Figure 11 shows the results of the correlation analysis between the convective indices and wave amplitudes for a 16-day period. Due to the 96-day segment of the 2D-FFT method, a temporal uncertainty of ±1 month (we used monthly means here, so it is ±1 month) in lag was noticed, except for the first Niño 3.4 group (Figure 11a,b). This group had a larger temporal uncertainty because the Niño 3.4 index is a 3-month average index. Thus, a superposition of the uncertainties coming from the wave amplitudes and Niño 3.4 index leads to ±2 months in lag in extreme cases. Since the wave activity was assumed to be excited by convection, a positive correlation between the wave and convection was expected during the analysis. Therefore, we focused on the positive parts in Figure 11. Note that the additive inverse of the OLR was taken during the analysis to make sure that the polarity of correlation was the same as other parameters. The lag in the figure stands for the time that the wave amplitude was behind the convective index.

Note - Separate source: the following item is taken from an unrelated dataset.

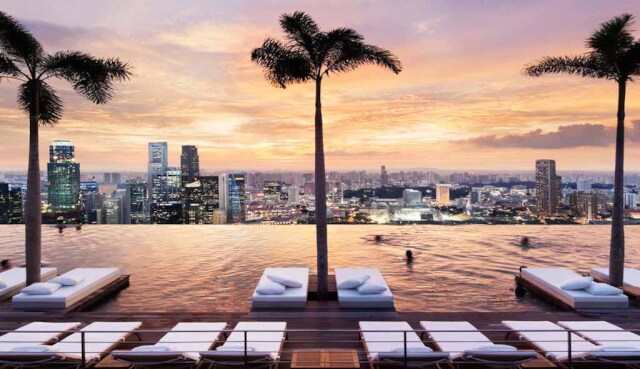 Sunset at Marina Bay Sands Infinity Pool
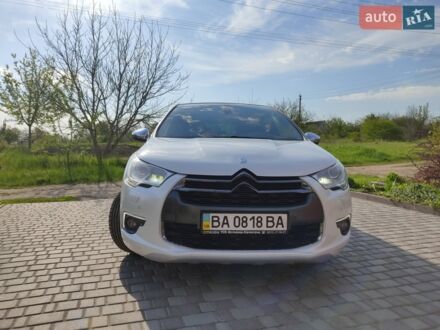 Білий Сітроен ДС4, об'ємом двигуна 1.6 л та пробігом 160 тис. км за 10499 $, фото 1 на Automoto.ua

Although the correlation coefficients in Figure 11 were not as high as those in Figure 7 and Figure 8, we still had three competing principles to evaluate those convective indices and decide the most crucial one which could represent the enhancement of wave activity. First, the correlations between the selected index and the wave amplitudes should be the highest ones compared to the rest indices—i.e., have the largest correlation coefficients for both the 16-day E1 and E2 waves. Second, the correlations should reach their maximum at zero or almost zero lag. Third, the contour plots of the correlation coefficients between the selected index and wave amplitudes in Figure 11 should have a similar shape to the wave amplitudes in Figure 10, representing a good correlation at any altitude and time.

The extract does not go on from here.